[Opening Records shown section]

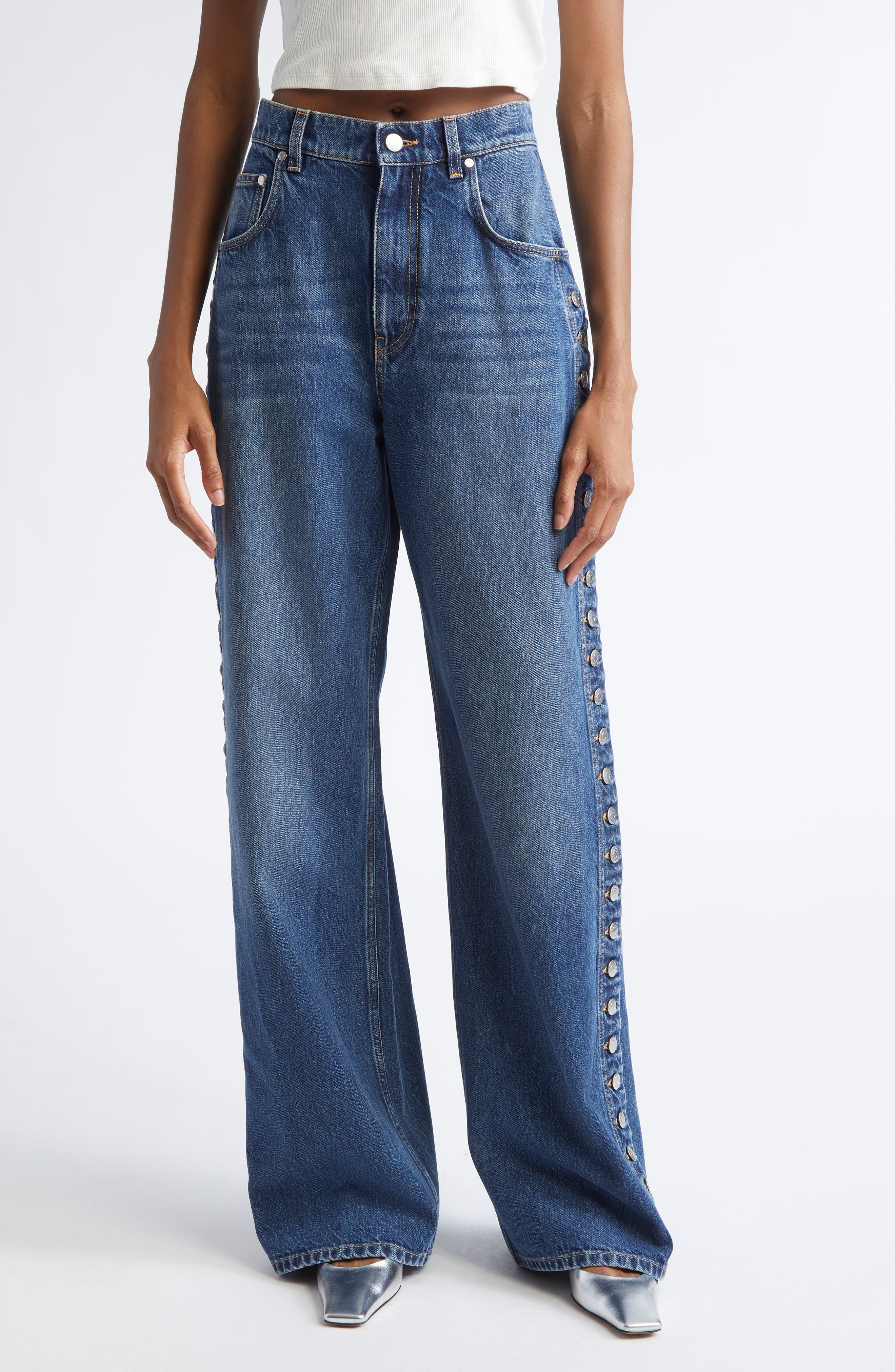 Stella McCartney Side Button Wide Leg Jeans in Dark Blue at Nordstrom - 1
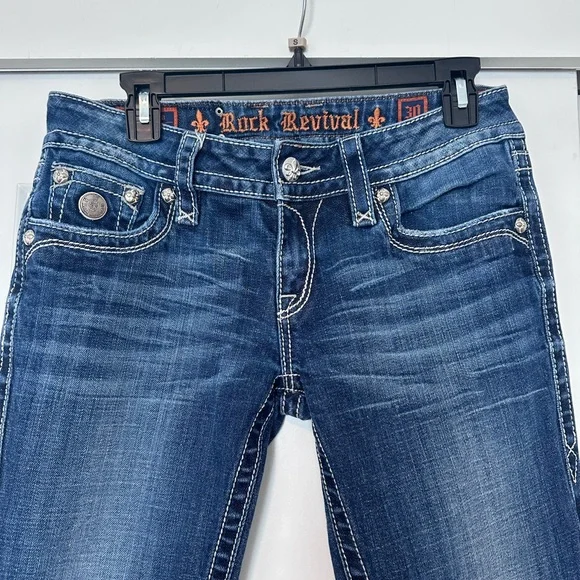 Rock Revival Blue Straight Leg Jeans Classic Style - Picture 3 of 6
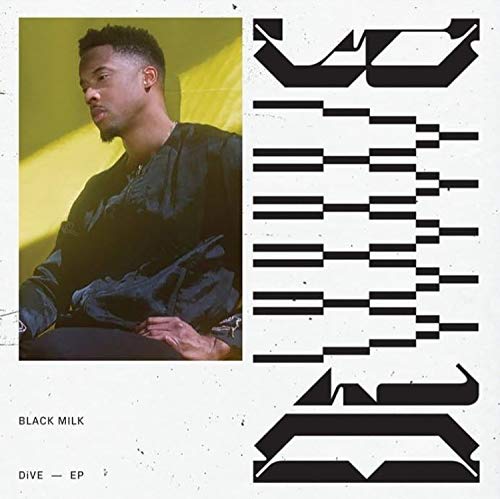 Album cover with a man and abstract black shapes on a white background.
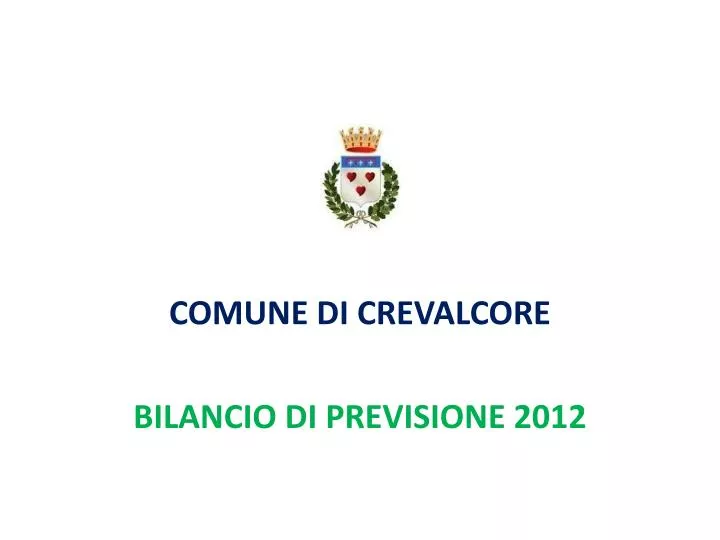 comune di crevalcore bilancio di previsione 2012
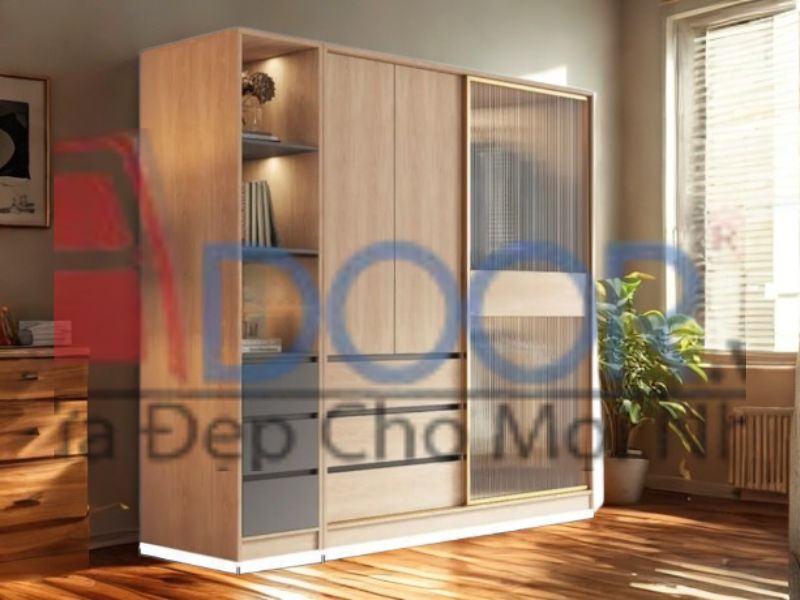 Giá tủ quần áo cánh kính lùa Adoor công nghiệp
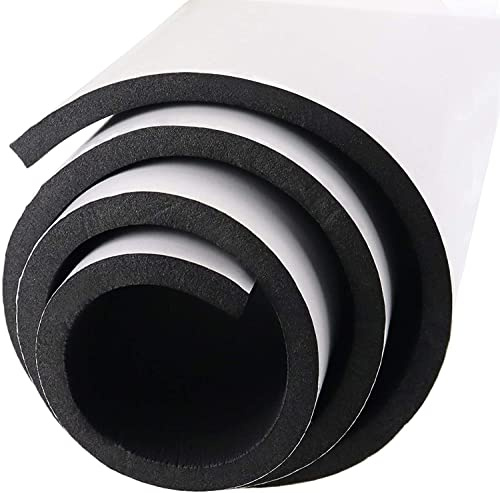 Självhäftande skumrulle neoprenskumplattor 300 mm (B) x 12 mm (D) x 1,5 m (L) multifunktionell cellgummi, tätningstejp, lätt att skära gör-det-själv-skumplatta (svart)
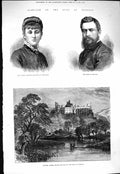 Old Antique Print 1877 Duke Norfolk Flora Hastings Arundel Castle Sussex 19th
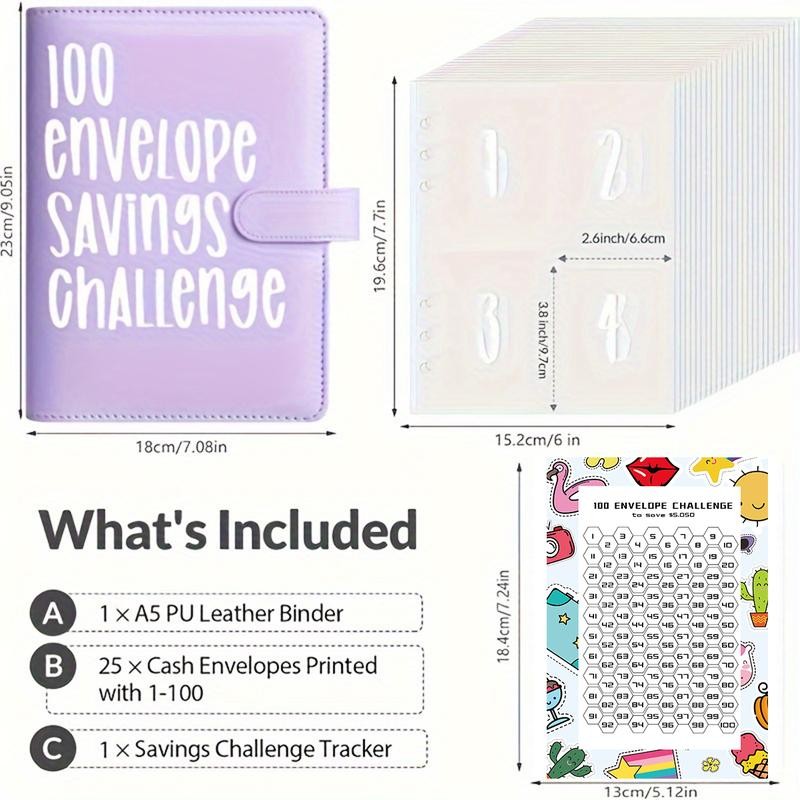 „ÄêFaddish„Äë100 envelope savings books + unlimited writing pencils for easy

[Closing Records shown section]

[Required work]:
Where the line holding "Album cover with" appears, start copying, and continue exactly through the last line of the listing, both ends included, skipping the pictures.

[Exercise output]:
 Album cover with a man and abstract black shapes on a white background.
 comune di crevalcore bilancio di previsione 2012
 Giá tủ quần áo cánh kính lùa Adoor công nghiệp
 Självhäftande skumrulle neoprenskumplattor 300 mm (B) x 12 mm (D) x 1,5 m (L) multifunktionell cellgummi, tätningstejp, lätt att skära gör-det-själv-skumplatta (svart)
 Old Antique Print 1877 Duke Norfolk Flora Hastings Arundel Castle Sussex 19th
 „ÄêFaddish„Äë100 envelope savings books + unlimited writing pencils for easy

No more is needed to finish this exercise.